As part of my role as a hands-on data management advisor, I have to migrate data stored in legacy and nonrobust systems into a managed system environment. One of the most common formats I have to work with is that of Microsoft Excel. I prefer to review the data from large Excel worksheets and workbooks in SQL Server because I can use T-SQL queries to thoroughly check the data. To get the data into SQL Server, I had been using the Import Data feature of SQL Server Management Studio (SSMS) or building INSERT statements by concatenating values together in Excel expressions. However, both methods proved tedious, so I developed a solution that automatically builds INSERT statements.

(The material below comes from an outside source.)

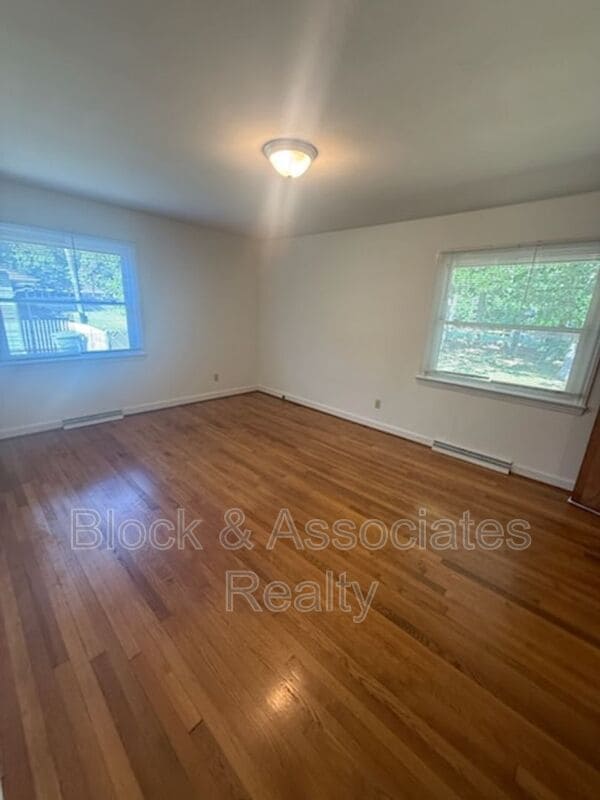 Photo - 1723 Brook Dr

My solution consists of an Excel macro named Create_Insert_Statements and a stored procedure named BSP_UTILITY_MatchColumnDataTypes. Here’s how the solution works. In the Excel worksheet whose data you want to export, you start the macro. The macro prompts you for a name for the table that will contain its output. The macro then constructs a CREATE TABLE statement using that table name and the worksheet’s column headers. The headers must be unique and can’t contain spaces. In addition, the worksheet’s first column needs to have contiguous values.
Next, the macro loops through the data, building INSERT statements for all the columns and rows. The INSERT statements, which look like
INSERT INTO <table name>
are written to a blank column (i.e., the third column past the last column containing data).
After the last INSERT statement is written, the macro copies the column to the clipboard. You then paste the INSERT statements into a New Query window in SSMS and execute them in any database (provided you have the necessary permissions). The result is a table and a command that you can use to run the BSP_UTILITY_MatchColumnDataTypes stored procedure. Because the macro saves all the columns as varchar(255), the stored procedure changes the data type of each column into a more appropriate type:
- If the values are numeric, have no decimals, and fall between 2^31 and -2^31, the column data type is changed to int.
- If the values are numeric but not integers, the column data type is changed to float.
- If no values meet the criterion isdate()=0, the column data type is changed to date.
- If the values don’t meet any of the aforementioned criteria, the varchar column is resized to the length of the longest value in the column.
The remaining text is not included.